As much as I love discovering new films, there are many films that I consistently return to. They’re the warm, cozy, familiar blanket hiding within the abyss of my many hours of move-watching each month. The following are the first five of fifteen of my favorites classics to re-watch. (This is not a definitive list of the most re-watchable classic films ever. Just a list of some of my favorites.)

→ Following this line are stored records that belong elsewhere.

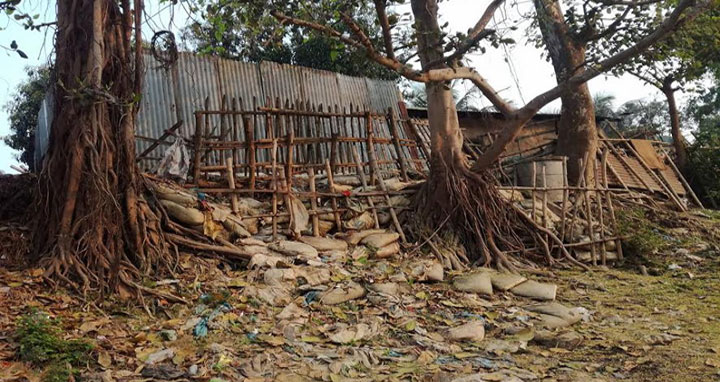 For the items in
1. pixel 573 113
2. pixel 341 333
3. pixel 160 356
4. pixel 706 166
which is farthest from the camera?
pixel 706 166

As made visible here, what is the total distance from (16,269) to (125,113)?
150cm

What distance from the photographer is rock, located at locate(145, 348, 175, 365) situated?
343cm

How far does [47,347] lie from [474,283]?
3.83 metres

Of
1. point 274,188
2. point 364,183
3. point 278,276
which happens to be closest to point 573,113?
point 364,183

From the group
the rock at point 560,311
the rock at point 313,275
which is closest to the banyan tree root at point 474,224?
the rock at point 560,311

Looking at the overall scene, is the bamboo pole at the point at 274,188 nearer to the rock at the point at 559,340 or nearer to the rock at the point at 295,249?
the rock at the point at 295,249

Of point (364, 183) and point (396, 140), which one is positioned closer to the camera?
point (364, 183)

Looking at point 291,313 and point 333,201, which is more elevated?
point 333,201

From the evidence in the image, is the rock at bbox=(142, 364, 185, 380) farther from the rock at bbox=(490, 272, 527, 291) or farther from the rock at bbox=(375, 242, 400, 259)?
the rock at bbox=(490, 272, 527, 291)

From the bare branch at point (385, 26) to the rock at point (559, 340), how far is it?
2.92 m

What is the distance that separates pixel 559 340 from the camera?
4.33m

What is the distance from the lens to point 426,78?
19.0 feet

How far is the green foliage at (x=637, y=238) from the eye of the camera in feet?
25.8

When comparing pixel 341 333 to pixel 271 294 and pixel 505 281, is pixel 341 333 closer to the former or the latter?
pixel 271 294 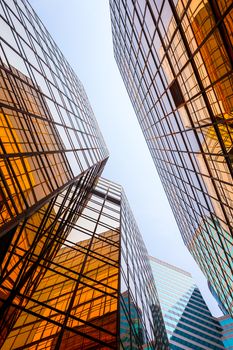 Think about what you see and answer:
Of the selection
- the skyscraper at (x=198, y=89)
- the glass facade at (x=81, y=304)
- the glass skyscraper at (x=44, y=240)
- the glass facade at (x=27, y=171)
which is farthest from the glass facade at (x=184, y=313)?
the glass facade at (x=27, y=171)

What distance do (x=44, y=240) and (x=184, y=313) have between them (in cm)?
9847

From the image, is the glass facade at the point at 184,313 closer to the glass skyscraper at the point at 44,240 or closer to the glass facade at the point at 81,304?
the glass facade at the point at 81,304

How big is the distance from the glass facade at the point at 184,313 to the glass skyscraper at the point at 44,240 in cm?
8461

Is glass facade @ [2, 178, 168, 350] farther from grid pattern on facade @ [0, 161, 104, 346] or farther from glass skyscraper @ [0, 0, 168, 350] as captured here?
grid pattern on facade @ [0, 161, 104, 346]

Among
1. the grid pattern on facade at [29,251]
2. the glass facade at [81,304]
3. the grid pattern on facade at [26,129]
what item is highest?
the grid pattern on facade at [26,129]

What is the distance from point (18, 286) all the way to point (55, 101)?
1290cm

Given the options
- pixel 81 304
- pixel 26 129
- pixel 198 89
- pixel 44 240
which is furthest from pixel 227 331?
pixel 26 129

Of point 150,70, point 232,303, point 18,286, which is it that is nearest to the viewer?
point 18,286

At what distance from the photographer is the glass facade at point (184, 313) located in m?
90.8

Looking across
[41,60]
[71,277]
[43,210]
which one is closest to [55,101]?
[41,60]

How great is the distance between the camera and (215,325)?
99500 millimetres

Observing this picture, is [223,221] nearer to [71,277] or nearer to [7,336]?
[71,277]

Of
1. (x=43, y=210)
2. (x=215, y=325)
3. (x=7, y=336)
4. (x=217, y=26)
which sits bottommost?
(x=215, y=325)

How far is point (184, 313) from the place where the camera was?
101438 millimetres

Publicity shot of the cast of All About Eve (Image: Little Bird Style)
Publicity shot of the cast of All About Eve (Image: Little Bird Style)

1. All About Eve (1950)
Written and directed by Joseph L. Mankiewicz
Starring Bette Davis and Anne Baxter

There isn’t a thing I don’t love about this film. From the Broadway-based drama to the catty dialogue to the phenomenal cast, All About Eve never fails to be completely engrossing no matter how many times I’ve seen it. I’ll watch Bette Davis in just about anything, but this is usually the first one I grab when I decide that I want to re-watch one of her films.

2. The Big Sleep (1946)
Directed by Howard Hawks
Starring Humphrey Bogart and Lauren Bacall

It’s a well-known fact that I love Bogie and Baby and consider them pretty much the greatest couple of all time, both on screen and off. They made four films together, all of which are highly enjoyable for multiple viewings, but this one is my absolute favorite. The chemistry between Bogart and Bacall is unbeatable, from the scene in which their characters meet to the film’s final scene, by which point they’ve fallen in love (of course). The plot is also ten kinds of complicated and I make new realizations every time that I watch it.

3. Casablanca (1942)
Directed by Michael Curtiz
Starring Humphrey Bogart, Ingrid Bergman, and my man Paul Henreid

As highly regarded as Casablanca is, it can also be a bit of a polarizing film. One one hand, there are fans who see it as the definition of a true classic and one of the best films ever produced; on the other hand, there are film fans who find it terribly overrated. I happen to be of the “Casablanca is wonderful” camp, and it is one of my favorite films to watch over and over again. I don’t think you could possibly put a better cast together: Bogie, Bergman, Henreid, Claude Rains, Conrad Viedt, Syd Greenstreet, Peter Lorre, S.Z. Sakall, and the list goes on! And on top of the top-notch cast, the intriguing mix of war drama and romantic drama keeps me hooked every time. This one is particularly enjoyable in public viewings. (My library has screened it a few times, and TCM/Fathom did a theatrical re-release of it in 2012.)

Anne Francis and her Forbidden Planet robot friend (Image: Listal)
Anne Francis and her Forbidden Planet robot friend (Image: Listal)

4. Forbidden Planet (1956)
Directed by Fred M. Wilcox
Starring Walter Pidgeon and Anne Francis

Red block print nearly matching the size of the title itself reads “AMAZING!” on one of the poster designs for Forbidden Planet, and that poster certainly does not lie. This is the quintessential 1950s sci-fi film. It’s impossible not to enjoy yourself while watching this fun and colorful space adventure, and the script is extremely clever.

5. Funny Face (1957)
Directed by Stanley Donen
Starring Audrey Hepburn and Fred Astaire

This is not my favorite Audrey Hepburn film — that title is held by Charade, in which she co-stars with Cary Grant — but this is the one I end up re-watching the most. (I don’t own Charade on DVD, which is a real crime even though it’s available on Netflix Instant!) The fairly light plot of romance between Astaire and Hepburn as a photographer and his bookish-to-beautiful muse is about as sugary-sweet as they come, and the musical numbers are a lot of fun too.